## EXERCISE DESCRIPTION
Repeat exactly, and only, the lines from the one containing "My First Time" through the end of the records.

------------------------------------------------------------------------

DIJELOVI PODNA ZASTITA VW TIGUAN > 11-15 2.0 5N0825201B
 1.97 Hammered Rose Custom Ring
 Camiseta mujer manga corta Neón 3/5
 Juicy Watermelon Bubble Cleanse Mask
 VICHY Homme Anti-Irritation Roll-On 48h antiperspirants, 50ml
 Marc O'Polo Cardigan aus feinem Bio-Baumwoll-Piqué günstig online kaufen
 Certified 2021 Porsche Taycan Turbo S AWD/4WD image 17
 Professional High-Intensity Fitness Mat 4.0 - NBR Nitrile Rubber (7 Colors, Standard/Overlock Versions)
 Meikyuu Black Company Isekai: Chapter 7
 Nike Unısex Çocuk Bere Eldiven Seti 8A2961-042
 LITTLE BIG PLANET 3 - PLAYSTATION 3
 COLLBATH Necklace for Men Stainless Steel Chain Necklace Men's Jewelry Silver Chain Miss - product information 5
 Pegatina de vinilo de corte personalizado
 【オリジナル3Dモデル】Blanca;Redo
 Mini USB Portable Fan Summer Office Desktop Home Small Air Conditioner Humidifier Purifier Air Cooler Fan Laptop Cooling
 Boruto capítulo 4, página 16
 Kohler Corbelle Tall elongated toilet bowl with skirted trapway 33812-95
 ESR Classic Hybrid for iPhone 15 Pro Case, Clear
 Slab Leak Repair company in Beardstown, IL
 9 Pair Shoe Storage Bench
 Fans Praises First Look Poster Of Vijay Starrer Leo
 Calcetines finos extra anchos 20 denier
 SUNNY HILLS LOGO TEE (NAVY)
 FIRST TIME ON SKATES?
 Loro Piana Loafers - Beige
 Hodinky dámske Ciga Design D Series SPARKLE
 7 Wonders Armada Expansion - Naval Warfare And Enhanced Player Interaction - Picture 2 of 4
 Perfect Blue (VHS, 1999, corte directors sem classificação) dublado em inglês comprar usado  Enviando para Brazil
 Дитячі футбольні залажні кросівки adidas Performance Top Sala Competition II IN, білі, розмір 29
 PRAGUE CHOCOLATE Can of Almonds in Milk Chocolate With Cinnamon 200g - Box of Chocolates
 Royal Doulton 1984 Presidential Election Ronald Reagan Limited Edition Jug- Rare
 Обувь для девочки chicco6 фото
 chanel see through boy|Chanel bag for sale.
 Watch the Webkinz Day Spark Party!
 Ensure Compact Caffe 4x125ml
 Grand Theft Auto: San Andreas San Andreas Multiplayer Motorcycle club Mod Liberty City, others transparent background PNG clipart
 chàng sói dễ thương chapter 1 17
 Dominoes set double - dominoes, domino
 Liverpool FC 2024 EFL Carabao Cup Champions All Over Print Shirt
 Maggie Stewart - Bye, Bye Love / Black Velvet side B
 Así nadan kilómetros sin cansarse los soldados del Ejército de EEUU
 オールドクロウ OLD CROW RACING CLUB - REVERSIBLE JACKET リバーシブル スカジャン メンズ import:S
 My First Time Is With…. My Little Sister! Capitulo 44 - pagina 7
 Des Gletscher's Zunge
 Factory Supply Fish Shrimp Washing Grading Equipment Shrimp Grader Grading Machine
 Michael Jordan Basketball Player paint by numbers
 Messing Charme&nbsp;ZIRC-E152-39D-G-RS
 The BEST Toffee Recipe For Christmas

------------------------------------------------------------------------

## ANSWER SECTION
 My First Time Is With…. My Little Sister! Capitulo 44 - pagina 7
 Des Gletscher's Zunge
 Factory Supply Fish Shrimp Washing Grading Equipment Shrimp Grader Grading Machine
 Michael Jordan Basketball Player paint by numbers
 Messing Charme&nbsp;ZIRC-E152-39D-G-RS
 The BEST Toffee Recipe For Christmas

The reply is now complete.